Caption-style text data:
● ● ● ● ●
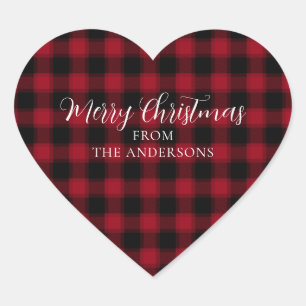 Cute Red Plaid Chequered Pattern Merry Christmas Heart Sticker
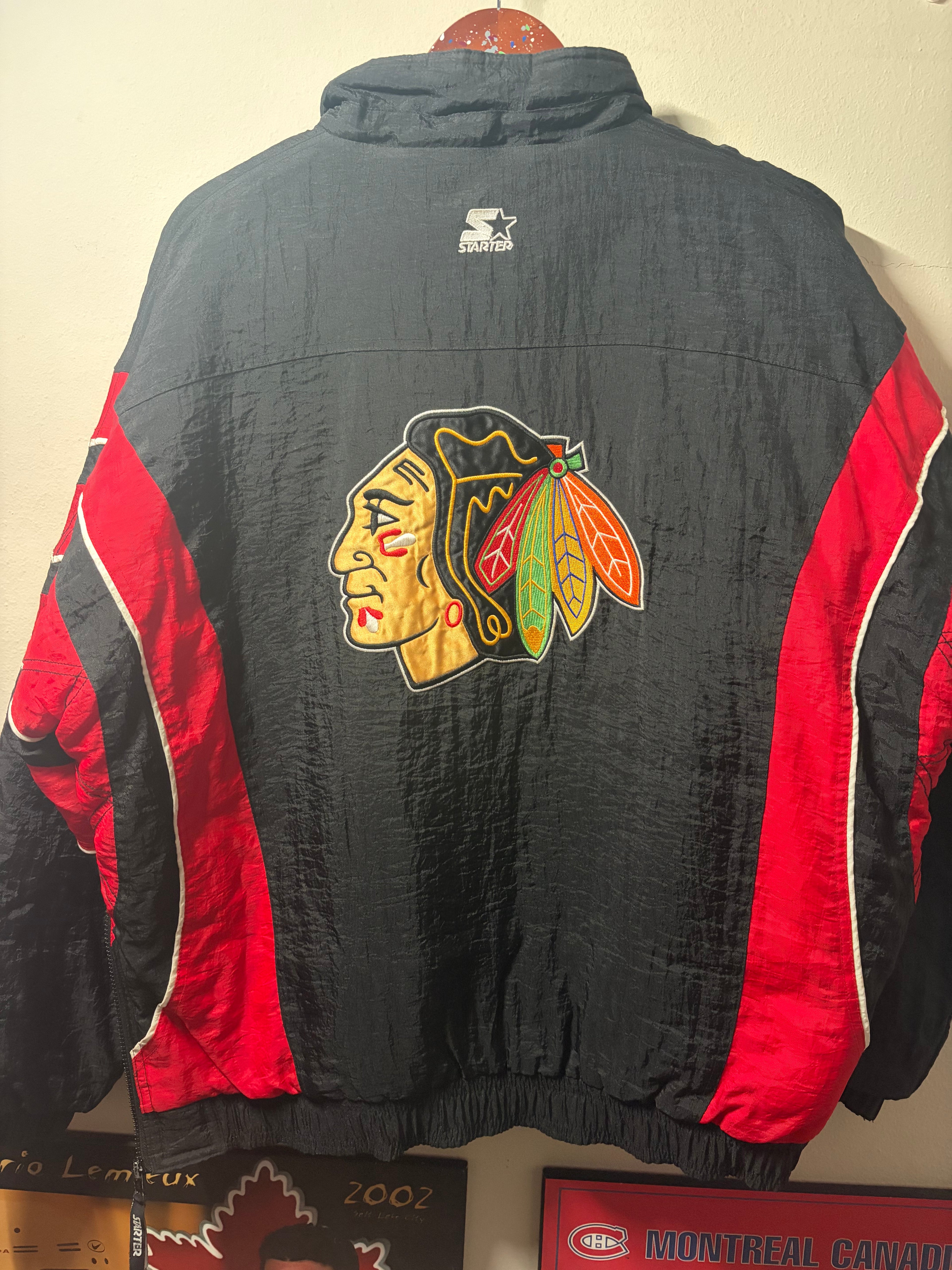 Vintage Blackhawks Starter Puffer Jacket (XL)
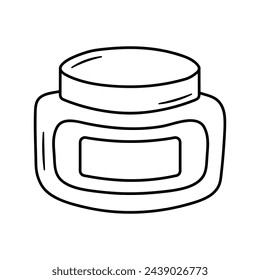 Cosmetic cream bottle. Hand drawn doodle vector illustration.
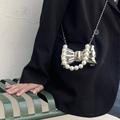 Chic silver metallic bow bag with large pearl handle and stylish chain strap - Silver Style 1 (Pearl Handle)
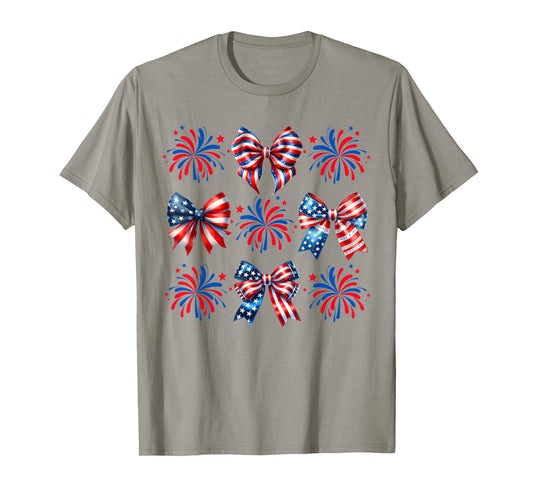 Coquette Bow Patriotic American USA Flag Happy 4th Of July T-Shirt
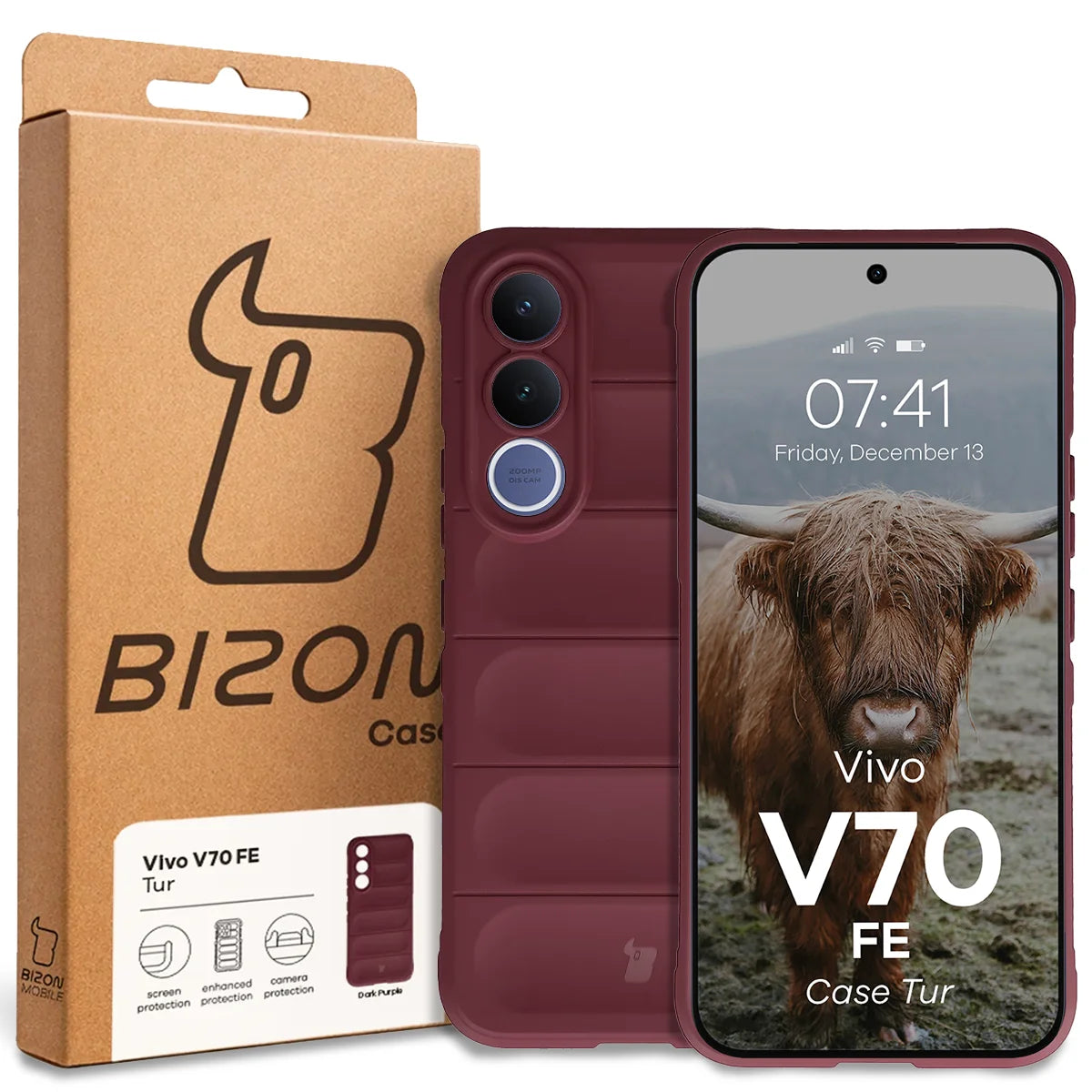 Robuste Handyhülle für Vivo V70 FE 5G, Bizon Case Tur, Burgunderrot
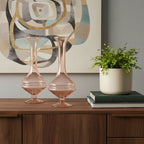 Set of Two 9" Pink Glass Trumpet Table Vases  Warm Home View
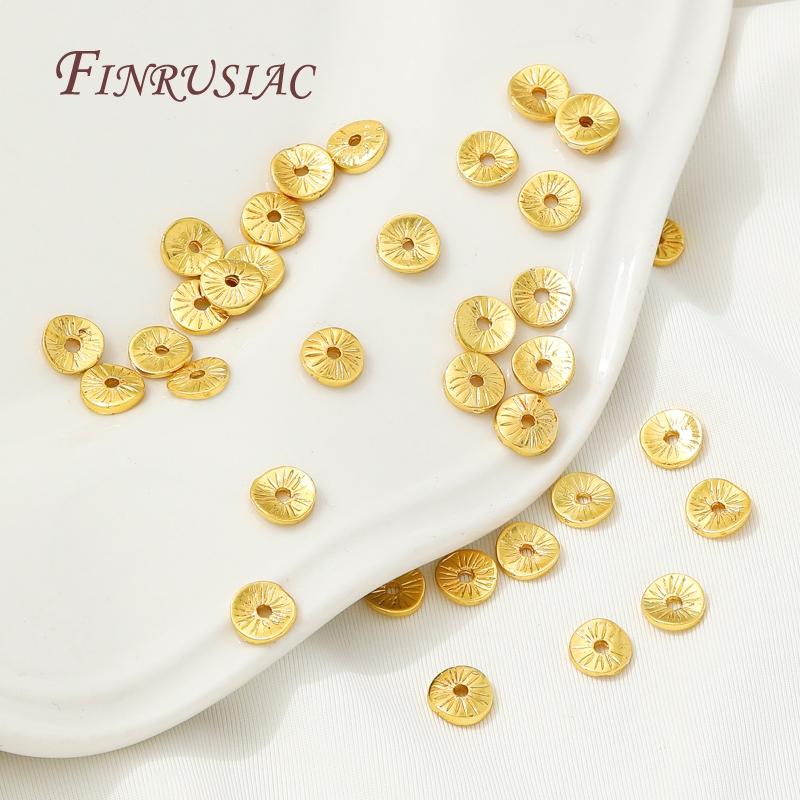 6mm 18K Gold Plated Round Spacer Beads For Jewelry Making,Brass Arcuate Embossing Beads Separators,Bead DIY Bracelet Accessories
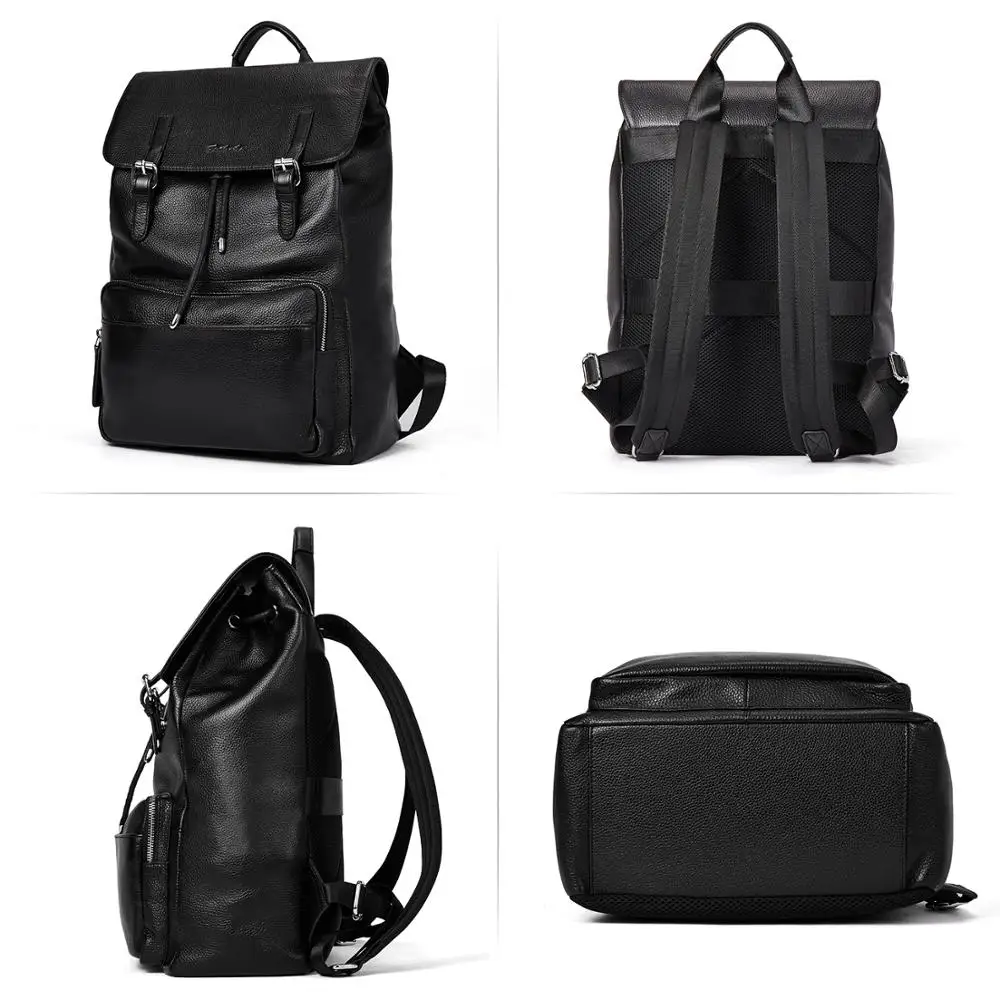 BOSTANTEN кожаный рюкзак 15,6 дюймов для ноутбука, дорожная школьная сумка через плечо, винтажный повседневный рюкзак для мужчин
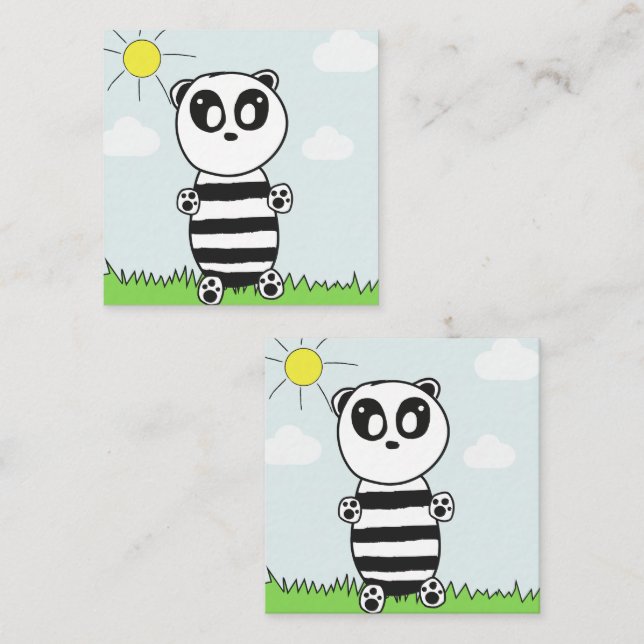 Carte D'accompagnement Enfants Panda  (Devant / Derrière)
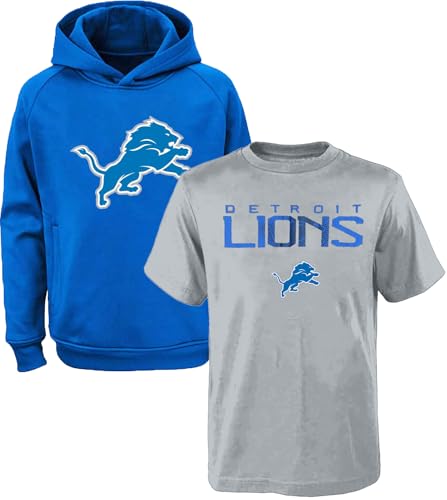 NFL Kids Youth Boys 8-20 Officially Licensed Polyester Performance Primary Logo Hoodie & T-Shirt 2 Pack Combo Set (10-12, Detroit Lions)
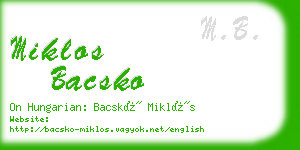 miklos bacsko business card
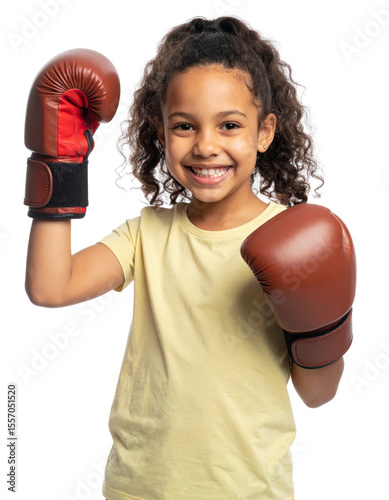 Smiling girl wearing yellow shirt and brown boxing gloves, curly hair, confident pose, isolated on transparency background, youthful energy, sports enthusiasm, healthy lifestyle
● ● ● ● ●
**PROBLEM STATEMENT**: Needed here is a verbatim copy of the data from the first line through the line with "miklos bacsko business card", without pictures.

**COMPLETED EXERCISE**:
 Cute Red Plaid Chequered Pattern Merry Christmas Heart Sticker
 Vintage Blackhawks Starter Puffer Jacket (XL)
 Cosmetic cream bottle. Hand drawn doodle vector illustration.
 Chic silver metallic bow bag with large pearl handle and stylish chain strap - Silver Style 1 (Pearl Handle)
 Coquette Bow Patriotic American USA Flag Happy 4th Of July T-Shirt
 Robuste Handyhülle für Vivo V70 FE 5G, Bizon Case Tur, Burgunderrot
 Set of Two 9" Pink Glass Trumpet Table Vases  Warm Home View
 6mm 18K Gold Plated Round Spacer Beads For Jewelry Making,Brass Arcuate Embossing Beads Separators,Bead DIY Bracelet Accessories
 BOSTANTEN кожаный рюкзак 15,6 дюймов для ноутбука, дорожная школьная сумка через плечо, винтажный повседневный рюкзак для мужчин
 Carte D'accompagnement Enfants Panda  (Devant / Derrière)
 NFL Kids Youth Boys 8-20 Officially Licensed Polyester Performance Primary Logo Hoodie & T-Shirt 2 Pack Combo Set (10-12, Detroit Lions)
 miklos bacsko business card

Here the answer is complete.